### Exercise objective
Copy out every line in the entries below that includes "showing".
Data for processing START
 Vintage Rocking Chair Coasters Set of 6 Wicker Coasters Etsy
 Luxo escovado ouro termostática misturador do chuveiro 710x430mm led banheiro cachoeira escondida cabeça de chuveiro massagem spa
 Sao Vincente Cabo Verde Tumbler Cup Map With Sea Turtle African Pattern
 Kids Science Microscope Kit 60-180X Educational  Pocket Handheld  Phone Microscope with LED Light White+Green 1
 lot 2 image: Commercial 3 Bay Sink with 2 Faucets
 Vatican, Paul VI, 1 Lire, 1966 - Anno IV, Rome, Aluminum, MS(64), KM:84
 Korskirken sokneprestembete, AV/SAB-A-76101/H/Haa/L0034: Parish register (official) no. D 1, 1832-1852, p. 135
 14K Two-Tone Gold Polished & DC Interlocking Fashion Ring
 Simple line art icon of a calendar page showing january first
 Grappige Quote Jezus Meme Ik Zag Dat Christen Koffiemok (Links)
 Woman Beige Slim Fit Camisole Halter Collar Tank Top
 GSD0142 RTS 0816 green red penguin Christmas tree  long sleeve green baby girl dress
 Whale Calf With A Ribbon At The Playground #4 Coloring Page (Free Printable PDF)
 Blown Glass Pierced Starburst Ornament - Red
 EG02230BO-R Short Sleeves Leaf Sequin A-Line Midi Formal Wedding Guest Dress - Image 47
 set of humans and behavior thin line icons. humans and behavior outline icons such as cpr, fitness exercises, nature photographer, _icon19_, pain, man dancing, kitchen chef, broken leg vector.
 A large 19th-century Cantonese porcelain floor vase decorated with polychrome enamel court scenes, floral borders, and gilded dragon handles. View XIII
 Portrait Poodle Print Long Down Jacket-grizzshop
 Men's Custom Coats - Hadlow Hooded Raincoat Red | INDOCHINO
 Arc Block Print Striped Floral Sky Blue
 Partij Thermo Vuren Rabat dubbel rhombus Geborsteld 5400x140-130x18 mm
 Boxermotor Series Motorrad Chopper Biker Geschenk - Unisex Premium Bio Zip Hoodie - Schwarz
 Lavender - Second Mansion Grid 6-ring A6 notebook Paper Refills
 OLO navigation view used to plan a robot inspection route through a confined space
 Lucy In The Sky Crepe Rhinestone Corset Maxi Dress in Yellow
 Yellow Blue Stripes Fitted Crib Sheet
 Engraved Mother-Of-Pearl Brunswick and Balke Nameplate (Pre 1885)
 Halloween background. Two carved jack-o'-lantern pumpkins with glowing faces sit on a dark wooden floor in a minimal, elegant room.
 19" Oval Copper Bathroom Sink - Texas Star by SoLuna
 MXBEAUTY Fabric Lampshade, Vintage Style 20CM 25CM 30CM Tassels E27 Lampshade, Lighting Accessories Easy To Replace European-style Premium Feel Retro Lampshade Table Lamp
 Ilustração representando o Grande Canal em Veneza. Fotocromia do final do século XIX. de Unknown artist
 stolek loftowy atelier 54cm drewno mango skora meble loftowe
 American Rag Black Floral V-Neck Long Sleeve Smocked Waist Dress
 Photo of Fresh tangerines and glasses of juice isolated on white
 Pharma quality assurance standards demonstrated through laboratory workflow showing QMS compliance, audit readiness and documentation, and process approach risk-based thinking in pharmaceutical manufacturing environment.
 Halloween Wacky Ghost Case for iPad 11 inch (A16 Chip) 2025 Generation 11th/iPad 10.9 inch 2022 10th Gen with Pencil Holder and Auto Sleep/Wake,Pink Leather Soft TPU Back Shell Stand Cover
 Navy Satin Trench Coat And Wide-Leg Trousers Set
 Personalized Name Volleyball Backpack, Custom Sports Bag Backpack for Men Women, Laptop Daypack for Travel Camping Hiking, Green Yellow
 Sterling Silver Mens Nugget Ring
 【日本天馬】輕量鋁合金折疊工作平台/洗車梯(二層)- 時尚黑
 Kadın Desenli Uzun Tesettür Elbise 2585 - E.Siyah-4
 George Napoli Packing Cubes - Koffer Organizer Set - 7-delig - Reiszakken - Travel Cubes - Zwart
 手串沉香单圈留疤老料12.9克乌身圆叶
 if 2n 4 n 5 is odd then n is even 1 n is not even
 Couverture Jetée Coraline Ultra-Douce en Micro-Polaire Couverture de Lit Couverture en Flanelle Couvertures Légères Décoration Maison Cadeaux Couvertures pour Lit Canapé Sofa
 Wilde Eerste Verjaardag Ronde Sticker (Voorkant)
Data for processing END
### Exercise response
 Simple line art icon of a calendar page showing january first
 Pharma quality assurance standards demonstrated through laboratory workflow showing QMS compliance, audit readiness and documentation, and process approach risk-based thinking in pharmaceutical manufacturing environment.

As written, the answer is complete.